The Lochner decision, in which the U.S. Supreme Court invalided basic economic legislation on constitutional grounds like the "freedom of contract" is widely regarded as a low point of U.S. Supreme Court jurisprudence.
The U.S. Court of Appeals for the D.C. Circuit has made a similar decision in the Murphy case. It held that the subsection of the Internal Revenue Code that provides that fails to exclude from income non-physical personal injury damages (which not in lieu of lost wages) is unconstitutional as exceeding the power of Congress to tax income under the 16th Amendment because this is not income.
Almost everyone in the academic community and community of tax lawyers finds this notion absurd, the stuff of crackpot tax protestors, rather than an unanimous panel of judges on one of the most prestigious appellate courts in the land.
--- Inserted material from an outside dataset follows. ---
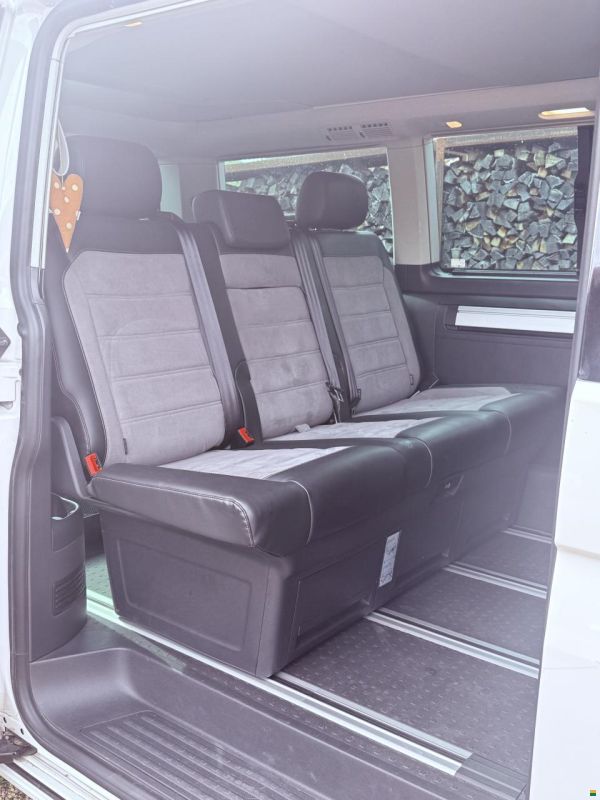 Volkswagen BEACH T6.1 California TDI 4motion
Simply put, Congress has always been granted wide discretion to determine what is and is not income. There was not a consensus about it at the time the 16th Amendment was adopted. There is not a consensus about it now. And, even if it isn't an income tax, it might be some other kind of valid tax that Congress has the power to impose. The broad authority of Congress to define income was set forth by the U.S. Supreme Court in the Glenshaw Glass case in 1955 and has become settled law. As Professor Maule notes tax provisions have been declared unconstitutional excactly twice since the 16th Amendment was adopted. Once in 1920, and once in 1972. The 1972 ruling arose from the fact that the provision in question distinguished between unmarried men and unmarried women in violation of equal protection principals.
Professor Maule also correctly notes that if this kind of receipt of funds is not income, then it still isn't a constitutional question. Section 61 say "income" is subject to taxation, and Section 104 (the provision held unconstitutional) states that certain things that could be considered income still don't count. If something is not income under the 16th Amendment, then the correct holding is to interpret Section 61 of the Internal Revenue Code to hold that the money received is not part of gross income, not to declare Section 104 unconstitutional.
The D.C. Circuit Panel's argument is that these damage awards are neither a "gain" nor an "accession to wealth", and hence not income because it merely restores to her human capital that she has lost, based largely on dicta in the Glenshaw Glass case that noted a distinction made under the income tax laws at the time between compensatory damages in tort (then excluded from taxation), and punitive damages in tort (then taxable). But, the notion that this dicta imposed a constitutional boundary on what Congress could tax has never previously been established.
Part of their problem is that they misjudge the status quo. The status quo is not pre-injury. The tax law has, without constitutional objection, never allowed anyone to take a deduction strictly for suffering emotional distress, which the reasoning of the case suggests is a constitutional requirement on the tax code. Yet, to think that any bad day entitles you as a matter of constitutional law to a tax deduction is absurd.
The true status quo is where the litigant sits on the day before the damages award is awarded. On that day, if the litigant loses her case, she gets nothing, which is all she has received since the day of her injury, preserving the status quo. If she wins her case, she gets an award, making her better off. But, it is not the injury itself that causes her to gain wealth, it is the winning of a lawsuit as a result of the injury.
Either the U.S. Supreme Court, or the en banc D.C. Circuit, sitting en banc, could reverse, and this is a likely case for such treatment.